FARSI CARICO DELLE ESIGENZE di «emersione» di collezioni statali d’arte inaccessibili a causa del terremoto, attraverso la condivisione dei limitati spazi pubblici disponibili, è un dovere istituzionale ineludibile. I principi e le finalità della recente attivazione del Sistema museale nazionale (Dm 21 febbraio 2018) prevedono, infatti, la «valorizzazione territoriale integrata del patrimonio culturale» e la «gestione sostenibile dei musei di appartenenza pubblica» per garantire tutela, piena fruizione delle opere d’arte che insistono sul territorio e qualità di accesso agli utenti.

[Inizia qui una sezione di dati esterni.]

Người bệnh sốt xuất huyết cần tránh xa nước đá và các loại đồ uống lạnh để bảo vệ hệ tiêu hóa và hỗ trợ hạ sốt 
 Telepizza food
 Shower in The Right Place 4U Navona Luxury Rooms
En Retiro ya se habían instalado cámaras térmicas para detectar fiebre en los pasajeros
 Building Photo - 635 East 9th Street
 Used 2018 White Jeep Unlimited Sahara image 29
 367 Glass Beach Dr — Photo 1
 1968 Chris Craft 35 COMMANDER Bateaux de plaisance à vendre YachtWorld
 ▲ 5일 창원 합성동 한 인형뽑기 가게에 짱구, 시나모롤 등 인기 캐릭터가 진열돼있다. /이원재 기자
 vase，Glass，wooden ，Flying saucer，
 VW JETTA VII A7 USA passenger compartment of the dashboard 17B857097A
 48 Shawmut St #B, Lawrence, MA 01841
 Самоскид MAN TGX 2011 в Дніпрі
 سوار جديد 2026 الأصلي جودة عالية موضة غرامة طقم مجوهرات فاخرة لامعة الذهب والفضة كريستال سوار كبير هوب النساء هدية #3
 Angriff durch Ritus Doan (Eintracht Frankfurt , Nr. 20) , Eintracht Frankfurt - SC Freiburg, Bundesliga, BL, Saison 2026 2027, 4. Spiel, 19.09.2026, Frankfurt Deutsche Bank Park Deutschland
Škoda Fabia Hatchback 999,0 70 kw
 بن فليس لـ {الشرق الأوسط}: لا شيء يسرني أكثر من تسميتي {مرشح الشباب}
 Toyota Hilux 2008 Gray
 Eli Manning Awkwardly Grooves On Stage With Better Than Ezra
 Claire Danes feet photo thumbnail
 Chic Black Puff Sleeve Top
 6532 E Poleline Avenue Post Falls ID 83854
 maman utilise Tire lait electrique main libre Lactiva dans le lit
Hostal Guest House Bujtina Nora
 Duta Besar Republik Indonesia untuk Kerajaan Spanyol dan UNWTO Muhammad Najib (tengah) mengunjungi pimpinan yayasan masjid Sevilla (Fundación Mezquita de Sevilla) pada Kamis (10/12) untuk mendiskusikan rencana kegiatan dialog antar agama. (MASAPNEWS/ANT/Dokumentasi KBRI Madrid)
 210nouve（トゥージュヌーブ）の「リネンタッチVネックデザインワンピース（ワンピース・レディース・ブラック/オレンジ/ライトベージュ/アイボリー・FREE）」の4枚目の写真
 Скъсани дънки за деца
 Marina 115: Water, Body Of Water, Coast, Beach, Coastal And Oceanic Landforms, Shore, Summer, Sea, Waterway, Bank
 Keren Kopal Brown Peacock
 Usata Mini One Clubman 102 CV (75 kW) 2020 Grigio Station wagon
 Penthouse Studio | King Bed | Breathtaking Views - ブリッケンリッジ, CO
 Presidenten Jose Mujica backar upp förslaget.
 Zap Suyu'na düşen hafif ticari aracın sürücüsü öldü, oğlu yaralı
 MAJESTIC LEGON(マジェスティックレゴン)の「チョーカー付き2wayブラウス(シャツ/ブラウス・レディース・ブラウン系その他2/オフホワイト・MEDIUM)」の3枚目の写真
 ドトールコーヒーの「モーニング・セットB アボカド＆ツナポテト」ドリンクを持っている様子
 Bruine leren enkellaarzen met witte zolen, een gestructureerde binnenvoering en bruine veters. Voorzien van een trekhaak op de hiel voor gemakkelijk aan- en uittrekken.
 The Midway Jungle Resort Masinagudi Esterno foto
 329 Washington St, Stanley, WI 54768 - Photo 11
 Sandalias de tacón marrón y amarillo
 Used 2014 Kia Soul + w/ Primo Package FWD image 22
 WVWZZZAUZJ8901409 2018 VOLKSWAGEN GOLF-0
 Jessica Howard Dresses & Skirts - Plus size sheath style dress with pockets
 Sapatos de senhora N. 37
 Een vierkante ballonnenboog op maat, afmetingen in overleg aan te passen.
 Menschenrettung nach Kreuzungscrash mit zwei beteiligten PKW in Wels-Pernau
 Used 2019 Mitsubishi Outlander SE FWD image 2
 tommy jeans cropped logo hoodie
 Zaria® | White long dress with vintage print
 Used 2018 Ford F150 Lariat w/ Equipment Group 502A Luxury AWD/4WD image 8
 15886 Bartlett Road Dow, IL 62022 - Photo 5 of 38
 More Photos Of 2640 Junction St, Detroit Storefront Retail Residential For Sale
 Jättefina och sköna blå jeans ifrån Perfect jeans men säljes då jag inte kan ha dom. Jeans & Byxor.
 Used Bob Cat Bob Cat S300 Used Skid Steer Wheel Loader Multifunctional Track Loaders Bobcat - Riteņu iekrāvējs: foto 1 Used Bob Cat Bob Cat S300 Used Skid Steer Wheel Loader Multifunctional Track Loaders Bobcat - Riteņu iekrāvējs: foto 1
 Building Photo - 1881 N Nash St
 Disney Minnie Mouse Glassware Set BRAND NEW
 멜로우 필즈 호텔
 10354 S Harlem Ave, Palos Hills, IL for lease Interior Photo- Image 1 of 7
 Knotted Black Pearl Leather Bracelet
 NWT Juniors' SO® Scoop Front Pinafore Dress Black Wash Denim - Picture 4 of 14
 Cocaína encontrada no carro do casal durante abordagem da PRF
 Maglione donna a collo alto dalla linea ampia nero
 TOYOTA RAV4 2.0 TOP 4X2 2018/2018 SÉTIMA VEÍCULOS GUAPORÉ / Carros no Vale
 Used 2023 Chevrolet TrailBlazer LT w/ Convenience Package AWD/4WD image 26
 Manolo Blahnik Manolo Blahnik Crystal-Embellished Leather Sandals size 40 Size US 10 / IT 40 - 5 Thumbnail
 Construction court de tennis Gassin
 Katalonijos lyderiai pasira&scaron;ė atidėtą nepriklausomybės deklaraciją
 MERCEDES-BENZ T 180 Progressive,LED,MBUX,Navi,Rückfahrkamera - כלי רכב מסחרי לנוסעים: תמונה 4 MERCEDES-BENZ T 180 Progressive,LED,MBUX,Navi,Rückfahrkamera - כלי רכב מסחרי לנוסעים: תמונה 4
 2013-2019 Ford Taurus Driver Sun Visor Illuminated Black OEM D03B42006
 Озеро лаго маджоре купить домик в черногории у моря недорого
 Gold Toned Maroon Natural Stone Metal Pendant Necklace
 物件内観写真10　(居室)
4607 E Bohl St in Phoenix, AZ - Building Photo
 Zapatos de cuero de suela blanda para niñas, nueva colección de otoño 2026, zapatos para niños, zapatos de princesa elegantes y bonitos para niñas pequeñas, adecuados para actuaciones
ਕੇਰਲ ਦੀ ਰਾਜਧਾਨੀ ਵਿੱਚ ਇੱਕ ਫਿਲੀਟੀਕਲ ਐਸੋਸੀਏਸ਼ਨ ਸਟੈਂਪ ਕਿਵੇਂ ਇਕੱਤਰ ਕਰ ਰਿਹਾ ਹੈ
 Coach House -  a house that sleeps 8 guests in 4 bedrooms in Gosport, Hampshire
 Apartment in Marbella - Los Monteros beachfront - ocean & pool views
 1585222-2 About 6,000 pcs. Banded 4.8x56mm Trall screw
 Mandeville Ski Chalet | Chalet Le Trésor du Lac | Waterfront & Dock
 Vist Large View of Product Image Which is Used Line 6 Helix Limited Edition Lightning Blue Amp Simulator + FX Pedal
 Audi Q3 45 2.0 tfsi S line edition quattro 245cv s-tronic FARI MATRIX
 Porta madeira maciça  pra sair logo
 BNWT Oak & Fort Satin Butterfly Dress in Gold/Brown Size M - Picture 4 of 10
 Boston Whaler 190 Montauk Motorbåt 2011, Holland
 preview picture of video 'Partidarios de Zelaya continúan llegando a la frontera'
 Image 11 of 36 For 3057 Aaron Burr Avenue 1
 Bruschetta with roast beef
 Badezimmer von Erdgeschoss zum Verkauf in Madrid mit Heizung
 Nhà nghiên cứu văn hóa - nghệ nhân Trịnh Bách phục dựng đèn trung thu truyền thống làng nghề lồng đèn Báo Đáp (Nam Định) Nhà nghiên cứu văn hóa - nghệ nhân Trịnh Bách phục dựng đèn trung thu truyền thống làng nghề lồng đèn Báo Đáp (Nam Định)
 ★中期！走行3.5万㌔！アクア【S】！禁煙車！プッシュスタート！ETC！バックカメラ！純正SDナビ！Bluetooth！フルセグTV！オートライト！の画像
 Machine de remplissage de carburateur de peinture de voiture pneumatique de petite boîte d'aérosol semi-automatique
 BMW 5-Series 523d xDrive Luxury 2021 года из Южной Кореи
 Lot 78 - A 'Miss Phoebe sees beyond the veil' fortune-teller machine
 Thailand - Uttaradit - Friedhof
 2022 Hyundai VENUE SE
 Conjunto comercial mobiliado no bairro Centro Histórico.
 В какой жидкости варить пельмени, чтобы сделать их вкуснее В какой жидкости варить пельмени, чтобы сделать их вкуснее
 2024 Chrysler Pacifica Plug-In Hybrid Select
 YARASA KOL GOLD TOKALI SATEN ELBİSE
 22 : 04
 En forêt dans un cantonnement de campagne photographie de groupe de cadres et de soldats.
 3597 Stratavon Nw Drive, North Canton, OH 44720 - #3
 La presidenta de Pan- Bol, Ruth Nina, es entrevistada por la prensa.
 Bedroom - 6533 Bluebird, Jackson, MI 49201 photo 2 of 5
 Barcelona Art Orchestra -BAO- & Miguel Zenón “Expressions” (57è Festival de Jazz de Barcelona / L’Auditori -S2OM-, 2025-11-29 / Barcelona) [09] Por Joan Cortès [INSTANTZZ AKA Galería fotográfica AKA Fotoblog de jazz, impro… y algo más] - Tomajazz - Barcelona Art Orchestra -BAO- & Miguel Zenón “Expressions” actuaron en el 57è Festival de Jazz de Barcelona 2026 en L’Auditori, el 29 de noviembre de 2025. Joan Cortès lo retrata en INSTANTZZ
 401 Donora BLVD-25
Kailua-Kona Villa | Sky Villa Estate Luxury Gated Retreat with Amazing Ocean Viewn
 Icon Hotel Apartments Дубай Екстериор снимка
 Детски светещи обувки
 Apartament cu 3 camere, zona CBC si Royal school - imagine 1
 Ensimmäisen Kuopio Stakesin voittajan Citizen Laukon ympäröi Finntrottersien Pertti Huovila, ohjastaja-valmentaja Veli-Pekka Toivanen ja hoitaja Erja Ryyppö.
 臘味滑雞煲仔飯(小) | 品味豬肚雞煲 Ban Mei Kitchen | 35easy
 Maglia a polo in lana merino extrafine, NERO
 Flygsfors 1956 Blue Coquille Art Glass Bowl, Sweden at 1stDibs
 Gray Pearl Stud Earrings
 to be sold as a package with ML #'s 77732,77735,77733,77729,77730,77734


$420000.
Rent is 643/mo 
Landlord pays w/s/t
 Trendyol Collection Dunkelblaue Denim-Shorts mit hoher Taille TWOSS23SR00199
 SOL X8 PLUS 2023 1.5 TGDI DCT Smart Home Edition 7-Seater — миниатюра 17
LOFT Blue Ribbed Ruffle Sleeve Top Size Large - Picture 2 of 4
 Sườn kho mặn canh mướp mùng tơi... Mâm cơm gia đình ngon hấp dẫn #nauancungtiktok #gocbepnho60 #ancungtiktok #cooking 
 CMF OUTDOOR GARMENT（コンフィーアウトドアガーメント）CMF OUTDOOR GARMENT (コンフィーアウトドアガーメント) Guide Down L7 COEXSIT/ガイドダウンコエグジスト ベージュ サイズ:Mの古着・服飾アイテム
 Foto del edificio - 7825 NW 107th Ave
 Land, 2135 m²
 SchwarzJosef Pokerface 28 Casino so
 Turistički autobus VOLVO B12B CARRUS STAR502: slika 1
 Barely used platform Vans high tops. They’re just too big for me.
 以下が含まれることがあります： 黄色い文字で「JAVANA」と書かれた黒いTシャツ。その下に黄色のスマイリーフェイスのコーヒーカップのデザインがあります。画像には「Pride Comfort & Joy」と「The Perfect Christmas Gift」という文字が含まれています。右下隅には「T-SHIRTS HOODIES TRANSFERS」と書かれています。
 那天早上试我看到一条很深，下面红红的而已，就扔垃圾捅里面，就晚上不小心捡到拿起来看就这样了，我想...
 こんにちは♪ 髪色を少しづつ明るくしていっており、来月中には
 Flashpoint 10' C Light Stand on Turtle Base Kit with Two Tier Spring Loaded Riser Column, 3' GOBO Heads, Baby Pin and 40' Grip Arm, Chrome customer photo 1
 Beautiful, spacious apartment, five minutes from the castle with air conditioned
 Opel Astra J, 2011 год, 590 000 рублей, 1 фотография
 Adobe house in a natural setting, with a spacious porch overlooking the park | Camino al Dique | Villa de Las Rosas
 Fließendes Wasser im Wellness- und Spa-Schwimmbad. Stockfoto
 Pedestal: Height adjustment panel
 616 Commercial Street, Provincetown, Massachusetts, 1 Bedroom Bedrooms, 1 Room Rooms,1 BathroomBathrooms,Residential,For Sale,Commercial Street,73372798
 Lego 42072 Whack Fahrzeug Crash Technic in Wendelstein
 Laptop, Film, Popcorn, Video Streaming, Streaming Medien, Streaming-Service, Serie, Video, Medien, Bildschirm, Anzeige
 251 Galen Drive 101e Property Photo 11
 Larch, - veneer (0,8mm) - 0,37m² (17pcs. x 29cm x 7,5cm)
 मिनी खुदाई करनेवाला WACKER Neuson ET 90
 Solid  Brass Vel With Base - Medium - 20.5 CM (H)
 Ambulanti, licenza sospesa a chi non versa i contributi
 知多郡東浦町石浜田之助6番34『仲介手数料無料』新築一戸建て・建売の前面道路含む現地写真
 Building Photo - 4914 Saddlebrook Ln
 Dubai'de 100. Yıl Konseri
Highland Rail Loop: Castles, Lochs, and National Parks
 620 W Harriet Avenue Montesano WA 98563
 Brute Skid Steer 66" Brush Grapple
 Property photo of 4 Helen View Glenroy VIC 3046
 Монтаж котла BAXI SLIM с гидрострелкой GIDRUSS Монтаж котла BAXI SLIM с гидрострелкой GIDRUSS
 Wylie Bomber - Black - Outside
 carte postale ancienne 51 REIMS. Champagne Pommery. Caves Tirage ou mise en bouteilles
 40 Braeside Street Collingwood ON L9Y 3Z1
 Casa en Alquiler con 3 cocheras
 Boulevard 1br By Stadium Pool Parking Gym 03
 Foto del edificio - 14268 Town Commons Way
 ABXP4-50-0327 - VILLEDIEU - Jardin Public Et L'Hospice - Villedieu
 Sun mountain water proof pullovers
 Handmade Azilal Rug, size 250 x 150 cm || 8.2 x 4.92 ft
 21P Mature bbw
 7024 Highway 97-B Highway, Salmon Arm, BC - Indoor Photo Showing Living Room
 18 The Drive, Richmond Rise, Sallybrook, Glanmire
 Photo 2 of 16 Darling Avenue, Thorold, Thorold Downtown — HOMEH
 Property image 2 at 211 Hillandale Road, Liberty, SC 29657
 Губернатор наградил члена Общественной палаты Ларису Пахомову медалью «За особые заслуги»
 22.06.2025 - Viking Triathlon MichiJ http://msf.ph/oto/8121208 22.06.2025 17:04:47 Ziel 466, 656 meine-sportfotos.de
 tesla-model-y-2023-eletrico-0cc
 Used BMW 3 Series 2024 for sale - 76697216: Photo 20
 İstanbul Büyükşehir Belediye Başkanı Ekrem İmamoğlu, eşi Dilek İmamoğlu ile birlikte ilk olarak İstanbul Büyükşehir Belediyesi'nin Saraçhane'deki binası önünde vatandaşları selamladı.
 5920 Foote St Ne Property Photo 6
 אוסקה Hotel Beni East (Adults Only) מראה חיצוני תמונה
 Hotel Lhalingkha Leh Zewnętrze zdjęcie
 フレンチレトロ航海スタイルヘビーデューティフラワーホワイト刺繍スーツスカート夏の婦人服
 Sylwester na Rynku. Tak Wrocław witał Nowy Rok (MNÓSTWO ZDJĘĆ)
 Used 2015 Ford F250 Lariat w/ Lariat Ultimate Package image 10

Ragionevole e lungimirante, pertanto, appare l’ipotesi di integrare l’accordo di concessione alla Fondazione Maxxi prevedendo la possibilità per il Munda di usufruire di parti del Palazzo Ardinghelli (oltre 1700 mq) e di contribuire alle relative spese di funzionamento. La «messa in rete» del Munda con il Maxxi attraverso un accordo di partenariato museale, da estendere possibilmente ad altre raccolte d’arte moderna e contemporanea esistenti a L’Aquila, sarebbe in linea con i principi di valorizzazione definiti dal Codice dei beni culturali e del paesaggio.
L’esposizione delle opere del Munda, anche a rotazione (c’è già un’ipotesi di allestimento virtuale dei tre saloni del piano nobile con 99 pezzi), combinata con quella delle 6 opere site-specific e delle altre acquisite dalla Fondazione Maxxi o provenienti dalla sede romana, produrrebbe positivi effetti sinergici, adeguati alla formazione di un innovativo museo di arte moderna e contemporanea che riconosca il valore della memoria della tradizione artistica e la continuità storica del processo creativo, indispensabile a restituire slancio allo sviluppo culturale ed economico del centro storico, tuttora in gran parte spopolato.
LA TEMPORANEA CHIUSURA dei musei offre l’opportunità di approfondire la praticabilità e reciproca convenienza della prospettata condivisione, nonché di apprestare gli assetti organizzativi necessari a renderla operante alla riapertura. Superata l’emergenza sanitaria, Palazzo Ardinghelli potrebbe divenire luogo-simbolo di incontro dell’intera comunità, contribuendo a dare basi strutturali al processo di rigenerazione urbana, recuperando condizioni di più qualificata normalità nella vita quotidiana della città.